**Data excerpt**
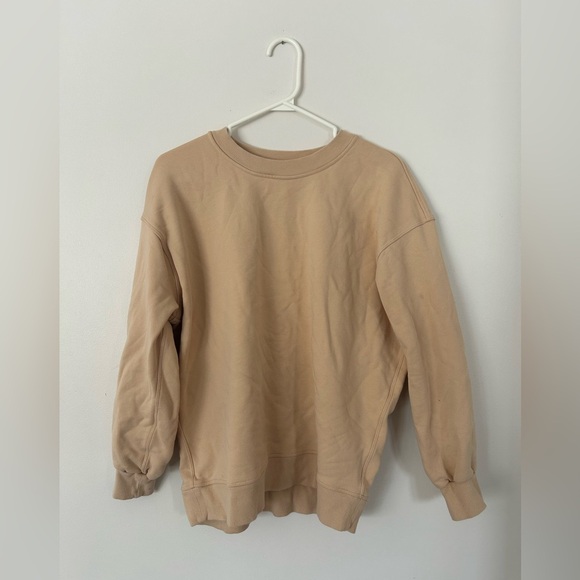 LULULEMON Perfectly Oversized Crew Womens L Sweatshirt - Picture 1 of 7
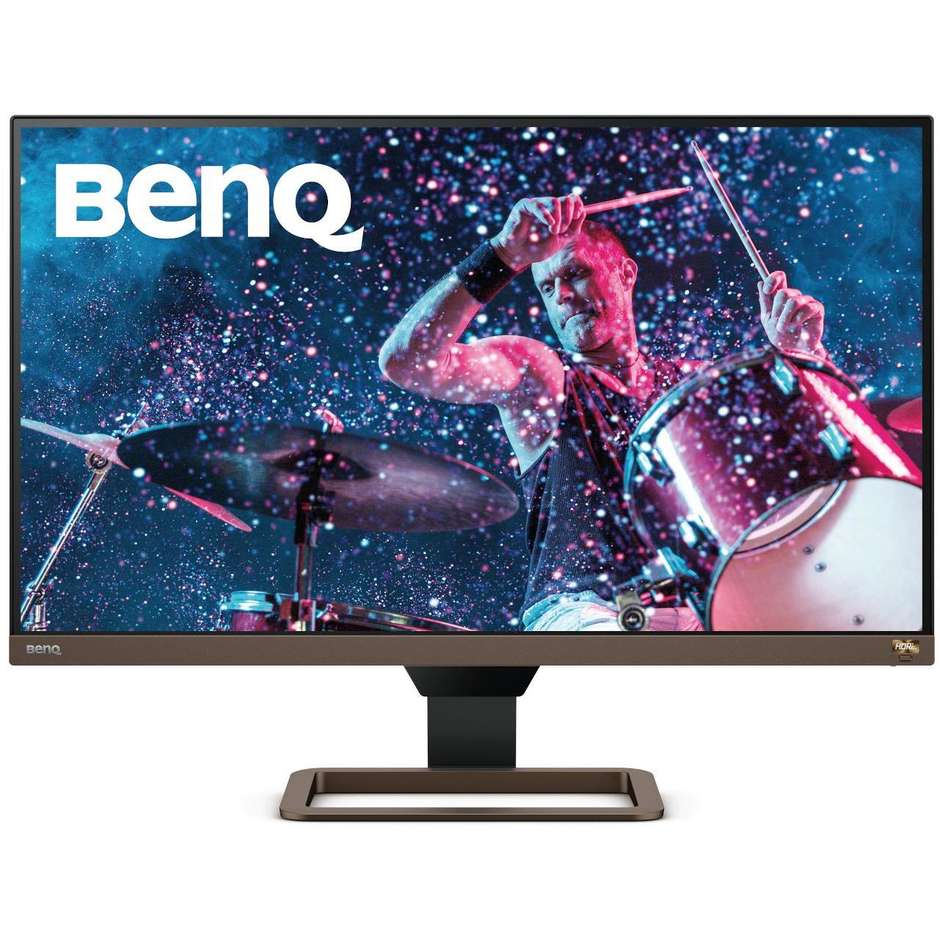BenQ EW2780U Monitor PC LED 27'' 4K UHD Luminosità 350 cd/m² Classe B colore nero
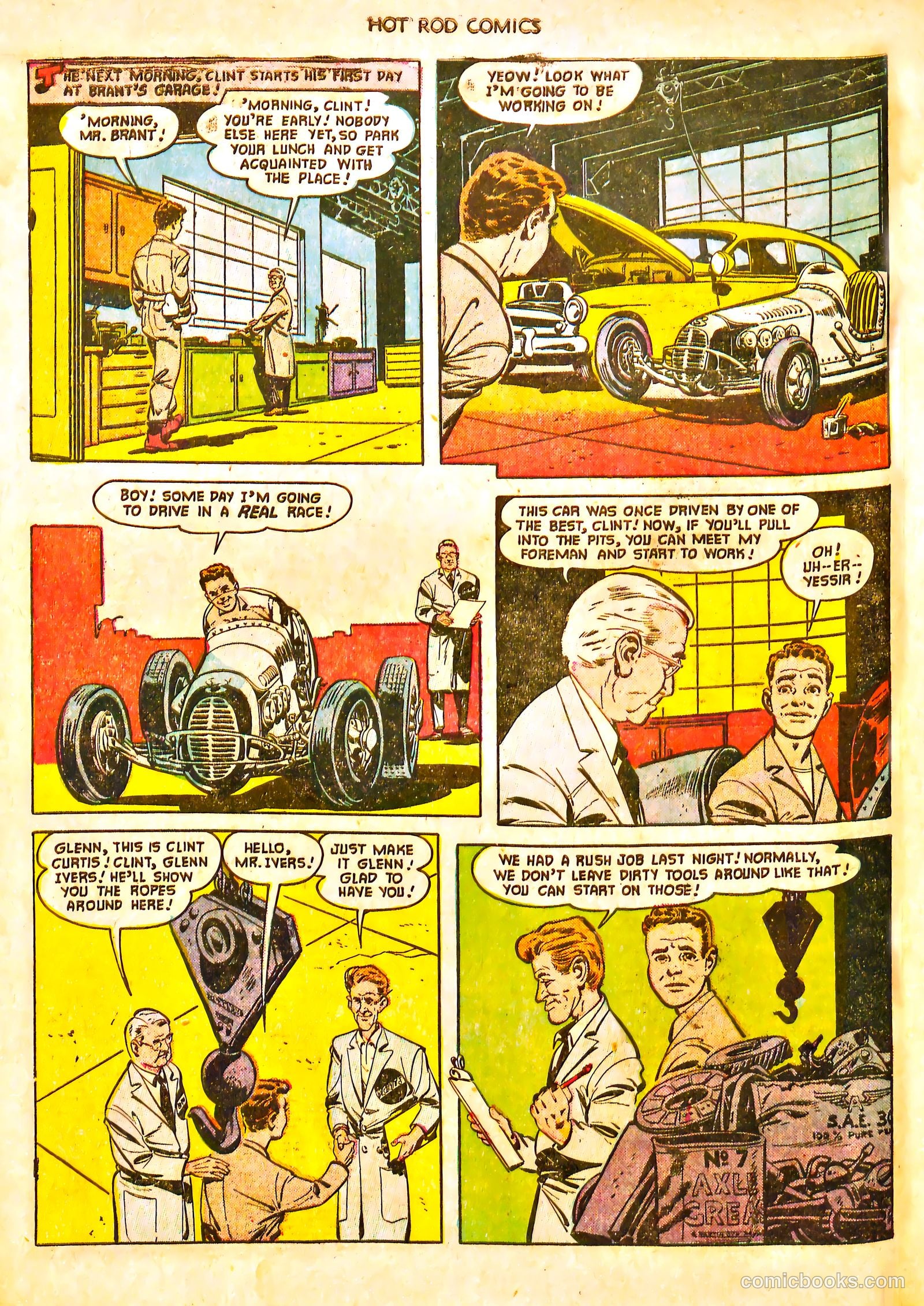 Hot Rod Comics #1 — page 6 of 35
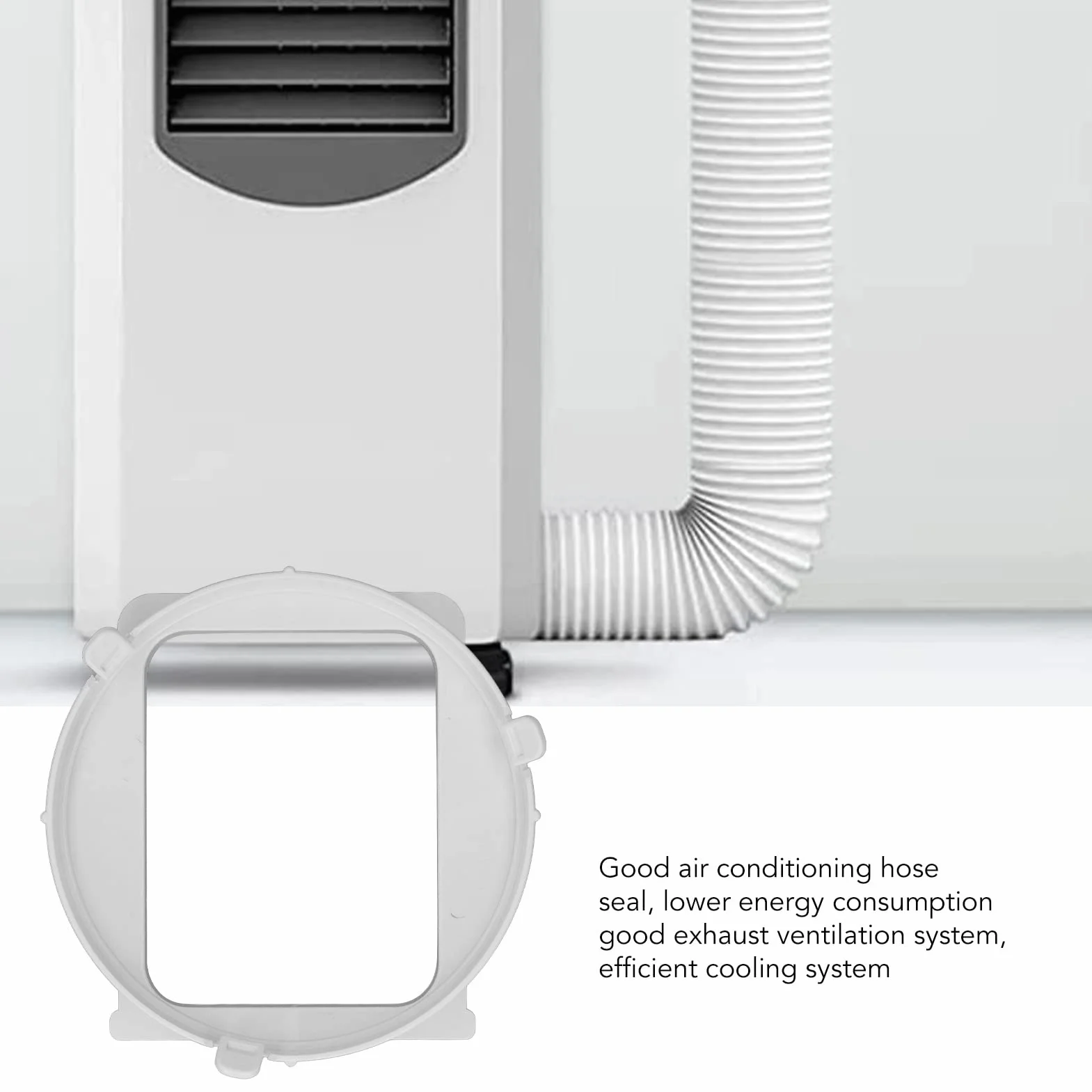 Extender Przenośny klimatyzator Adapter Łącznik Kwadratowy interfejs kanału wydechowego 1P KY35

**What you are asked to do**
Everything in the listing above except the pictures should be duplicated exactly.

**Exercise response**
 LULULEMON Perfectly Oversized Crew Womens L Sweatshirt - Picture 1 of 7
BenQ EW2780U Monitor PC LED 27'' 4K UHD Luminosità 350 cd/m² Classe B colore nero
 Hot Rod Comics #1 — page 6 of 35
 Extender Przenośny klimatyzator Adapter Łącznik Kwadratowy interfejs kanału wydechowego 1P KY35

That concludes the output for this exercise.